TASK DESCRIPTION >> Would you restate, exactly as they appear, the lines from the one containing "Personalised Love Heart Coaster" through the end of the data below?

RECORDED INFORMATION >>
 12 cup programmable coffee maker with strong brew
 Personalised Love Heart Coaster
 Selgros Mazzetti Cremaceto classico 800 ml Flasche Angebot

EXERCISE OUTPUT >>
 Personalised Love Heart Coaster
 Selgros Mazzetti Cremaceto classico 800 ml Flasche Angebot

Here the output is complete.